As a songwriter, Chuck Berry is like the Ernest Hemingway of rock & roll. He gets right to the point. He tells a story in short sentences. You get a great picture in your mind of what's going on, in a very short amount of space, in well-picked words. He was also very smart: He knew that if he was going to break into the mainstream, he had to appeal to white teenagers. Which he did. Everything in those songs is about teenagers. I think he knew he could have had his own success on the R&B charts, but he wanted to get out of there and go big time.

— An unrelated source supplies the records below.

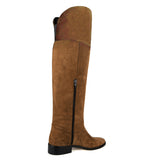 Mora scamosciato, cognac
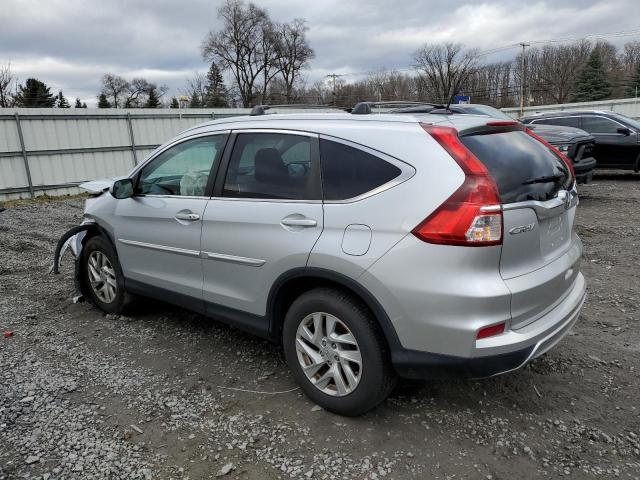 Photo 2 from auction – 2015 HONDA CR-V EXL with VIN 2HKRM4H74FH612296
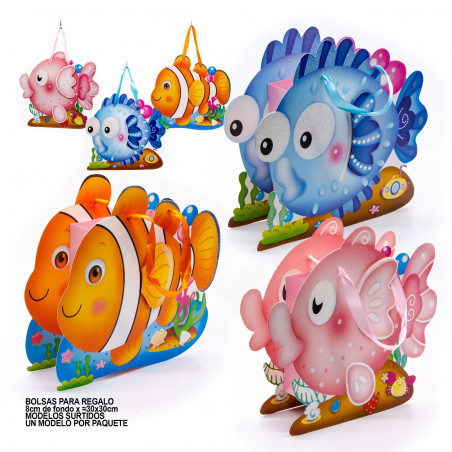 Bolsa peixe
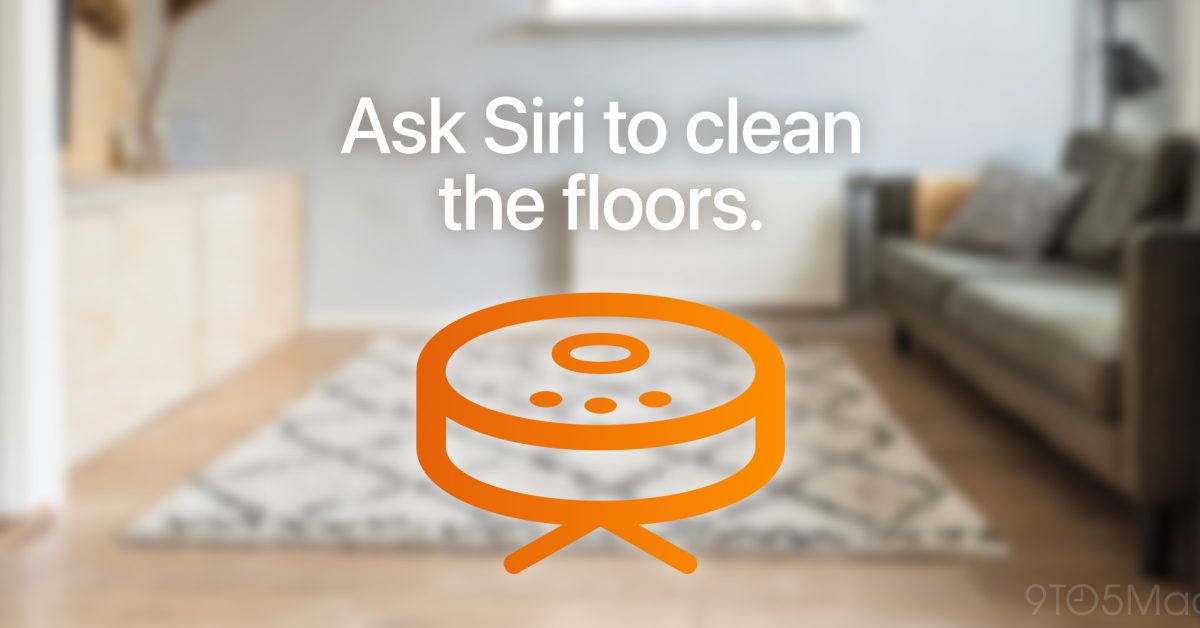iOS 18.4 adds robot vacuums to HomeKit; here are the supported models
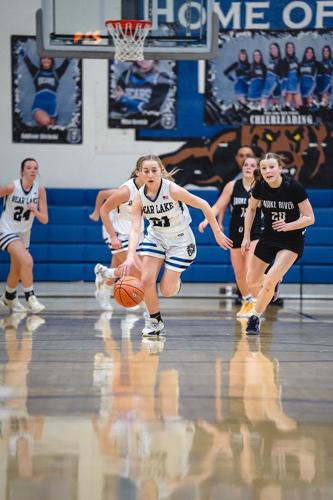 Bear Lake Vs Snake River ISJ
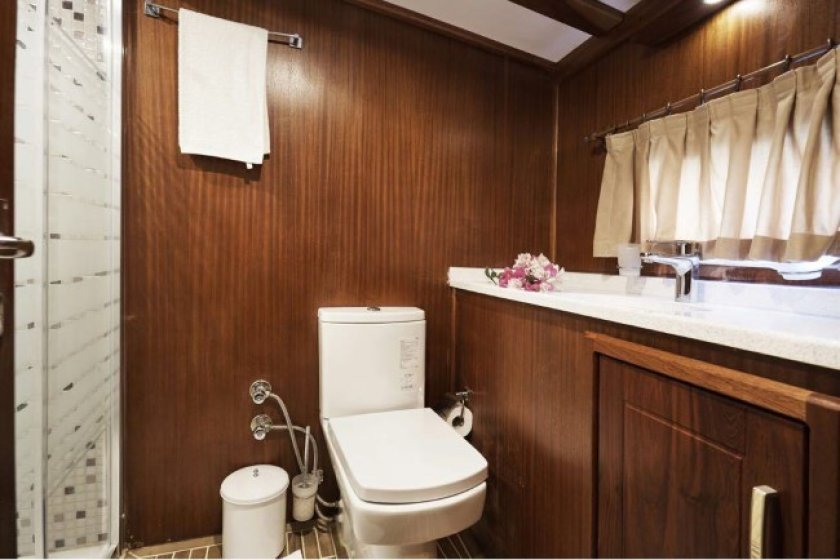 MESUT OL GULET | KONFORLU YAT TATİLİ | MAVİ YOLCULUK | Okeanosyatcilik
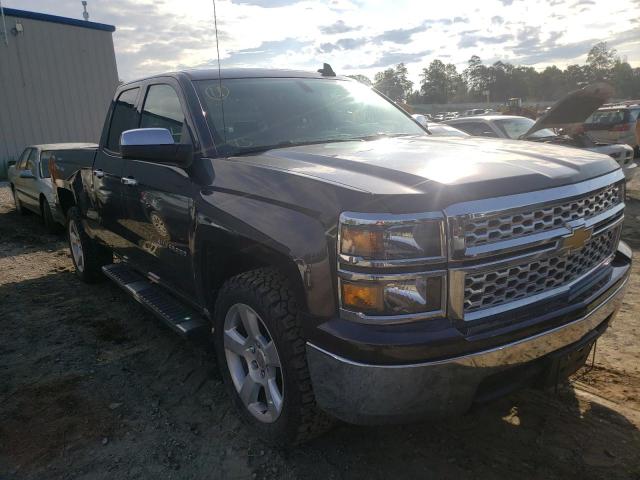 CHEVROLET SILVERADO 2015 1gcrcpec6fz297273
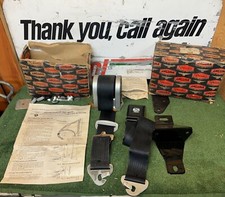 Cinture di sicurezza mulinello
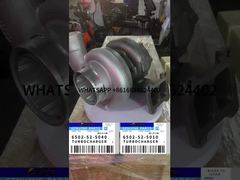KBZE 6502-52-5010 KOMATSU PC1250-8 EXCAVATOR KTR130 6502-52-5040 ASSY TURBOCHARGER dla SAA6D170E-5 EN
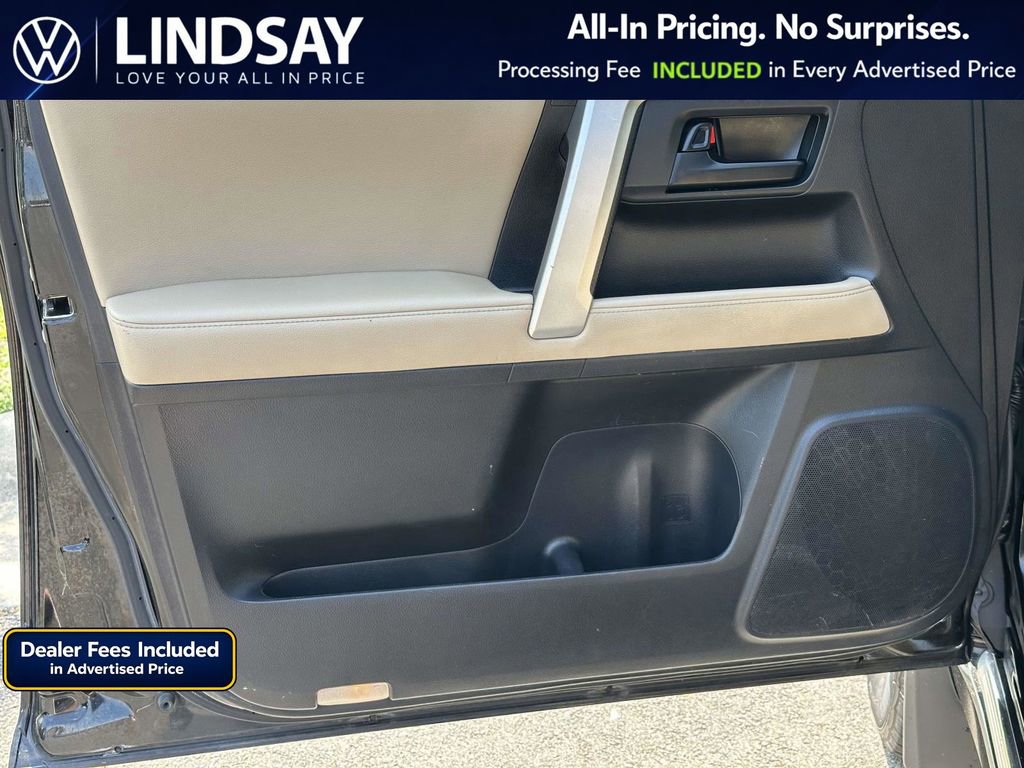Used 2012 Toyota 4Runner Limited AWD/4WD image 9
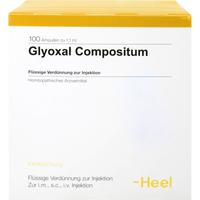 Glyoxal Comp null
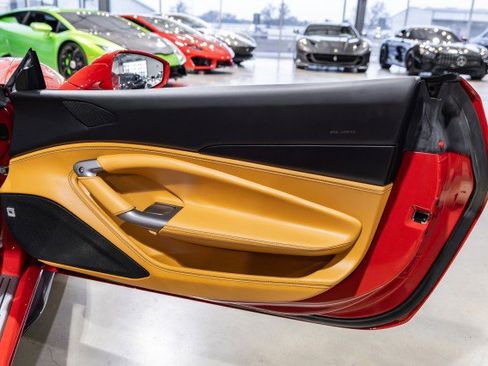 Used 2021 Ferrari F8 Tributo - PASSENGER DISPLAY - FRONT LI image 18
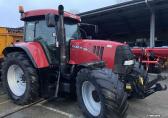 Case-IH CVX 140 type 3 inclusief trimble XCN 2050 gps RTK systeem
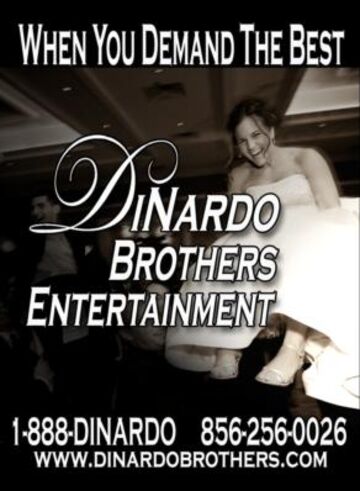 Dinardo Brothers Entertainment, LLC. - DJ - Sewell, NJ - Hero Main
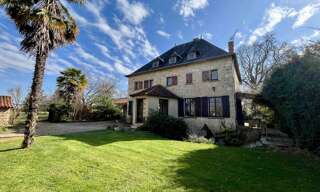 Maison 9 Pièces 188 m² à vendre à Le Vigeant (86150)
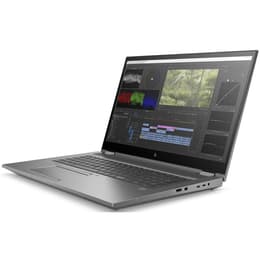 HP Zbook Fury 17 G8 17-inch (2021) - Core i7 - Gen 11 (H) - 32GB - SSD 256 GB QWERTZ - German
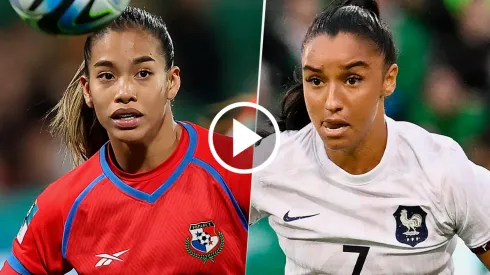 Panamá y Francia jugarán por el Mundial Femenino 2023.
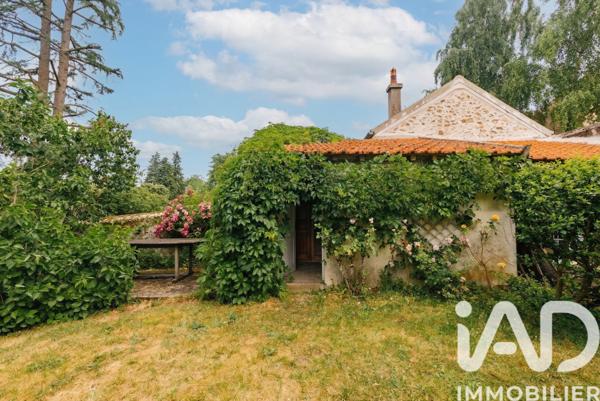 Maison à vendre 9 pièces 200 m² Saintry-sur-Seine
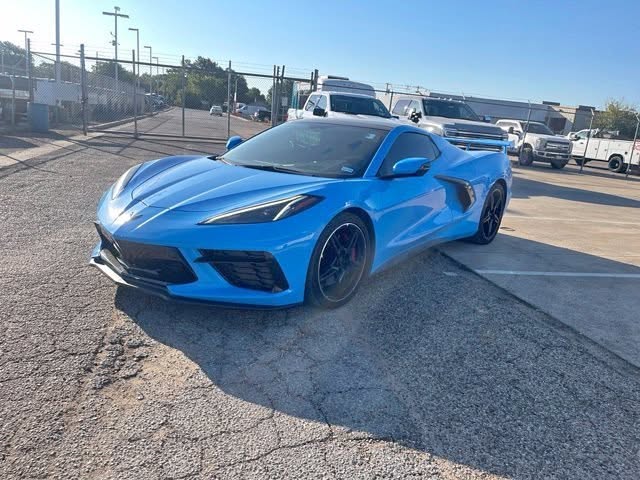 2020 Chevrolet Corvette Stingray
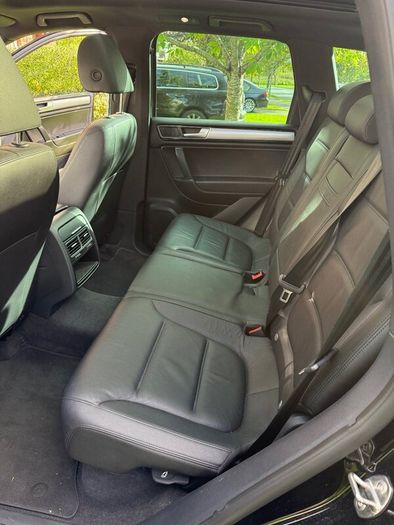 2016 Vw Touareg R-line 3.0 V6 Tdi (262 Bhp)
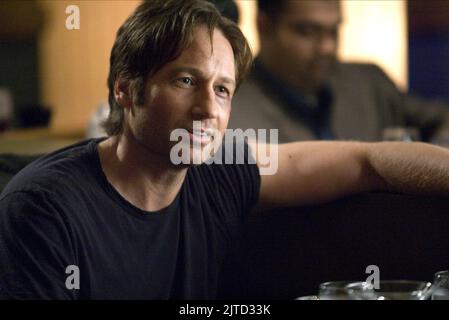 DAVID DUCHOVNY, CALIFORNICATION, 2007 Stockfoto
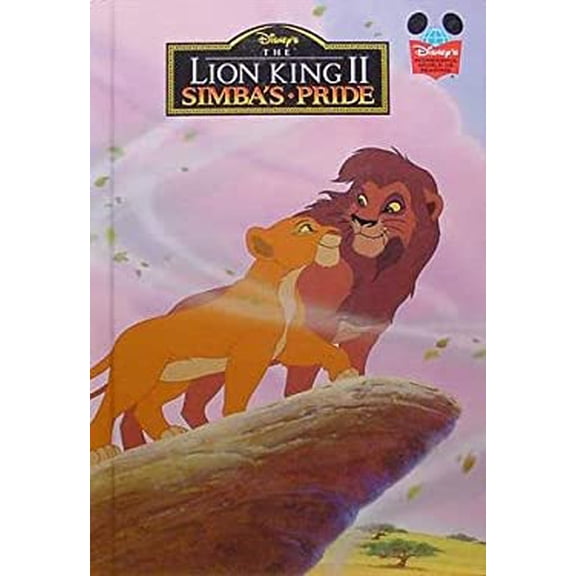 Pre-Owned Disney's The Lion King II: Simba's Pride by Eric Huang Hardcover Textbooks English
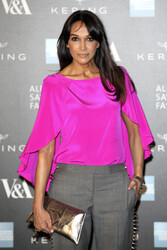 Alexander McQueen: Savage Beauty Fashion Gala, London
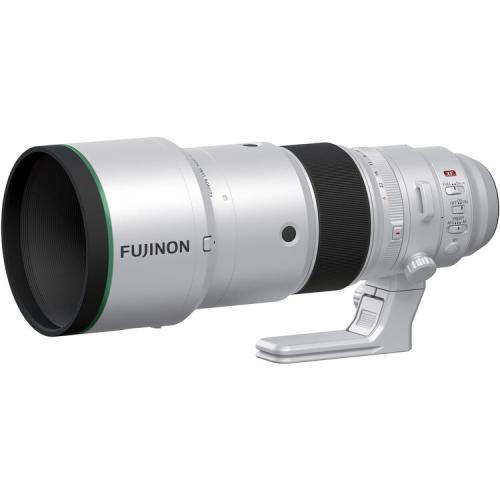 Объектив Fujifilm Fujinon XF400mm F4.5 R LM OIS WR - фото4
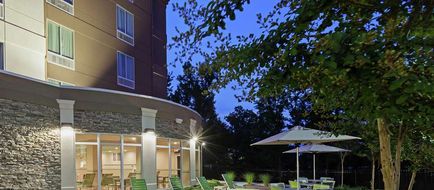 Hilton Garden Inn West Little Rock Exterior
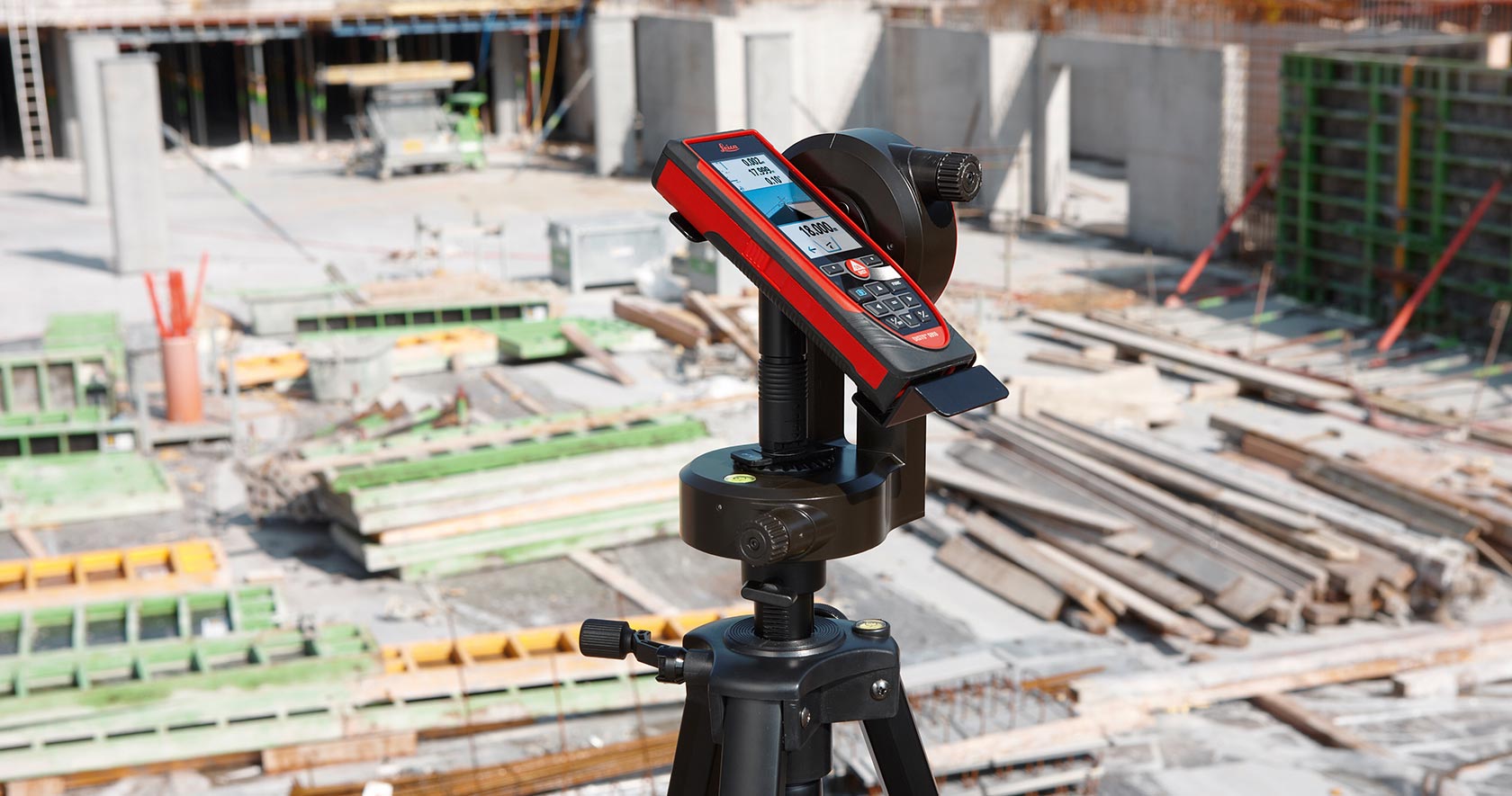 Leica DISTO™ D510 carrying case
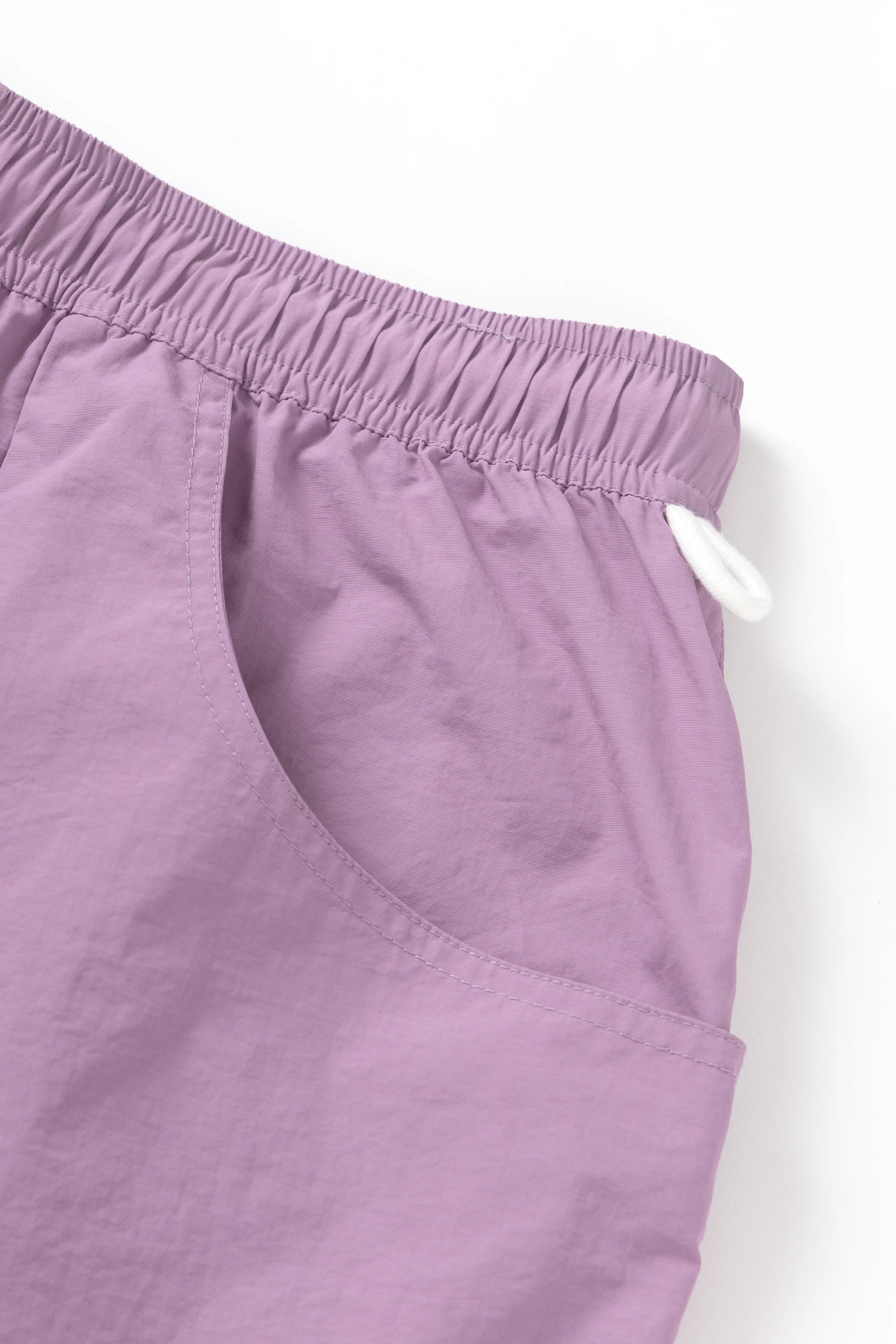 Blacksmith - Nylon Club Shorts - Purple - Image 7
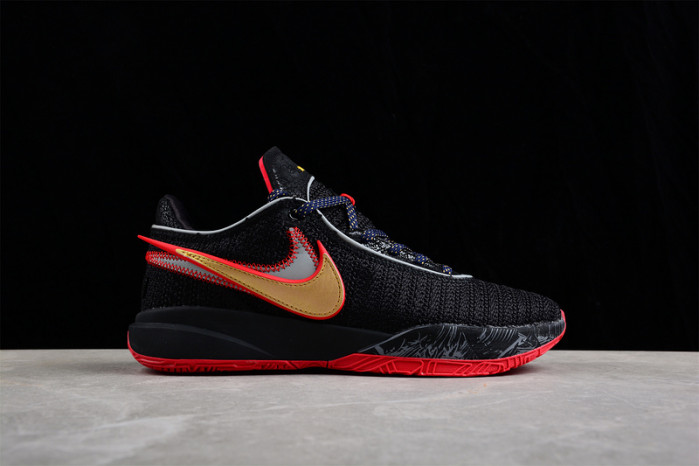 nike lebron 20 miami heat dj5422-001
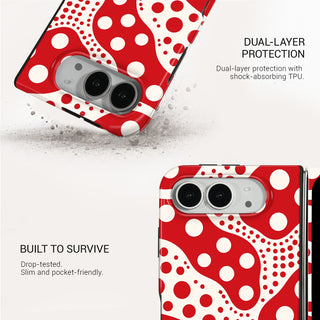 Redline Tough Phone Case#DEVICE_iPhone Duo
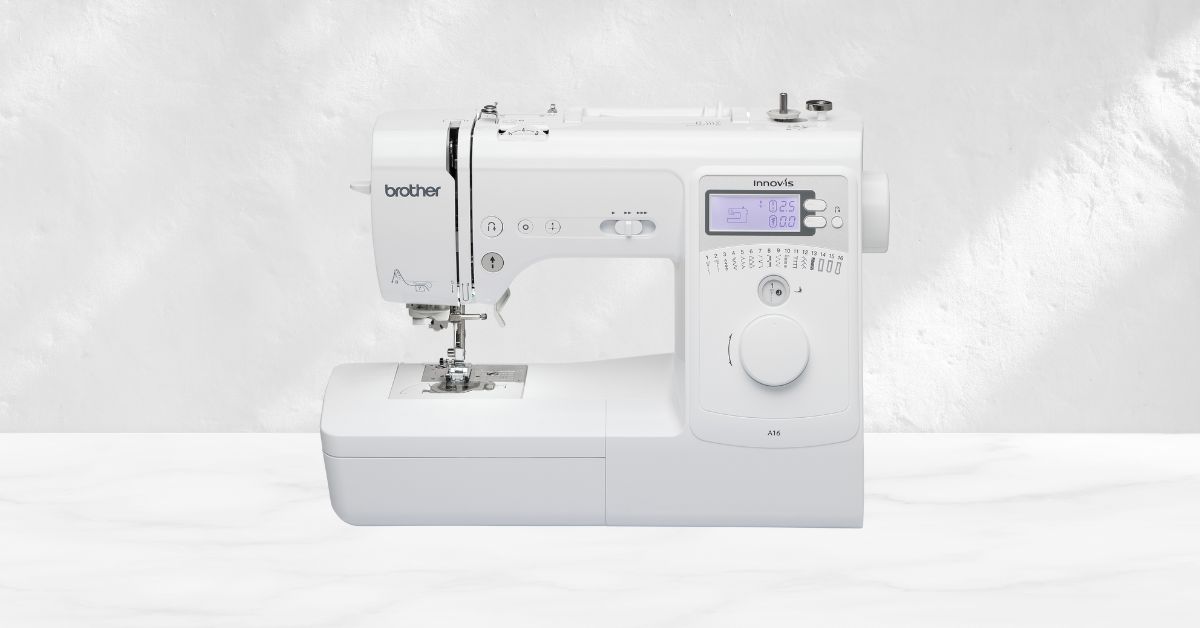 A16 Sewing Machine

He was also celebrating the music and lifestyle of rock & roll in songs like "Johnny B. Goode" and "School Days" — how anybody could make a guitar sound like the ring of a bell. Anytime you put the words "rock & roll" in a lyric, you have to be careful. But he did it perfectly. "Johnny B. Goode" is probably the most covered song ever. Bar bands, garage bands — everybody plays it. And so many bands play it badly. As much fun as it is to play, it's also easy to destroy it. But it was probably the first Chuck Berry song I learned. It hits people on all levels: lyric, melody, tempo, riff.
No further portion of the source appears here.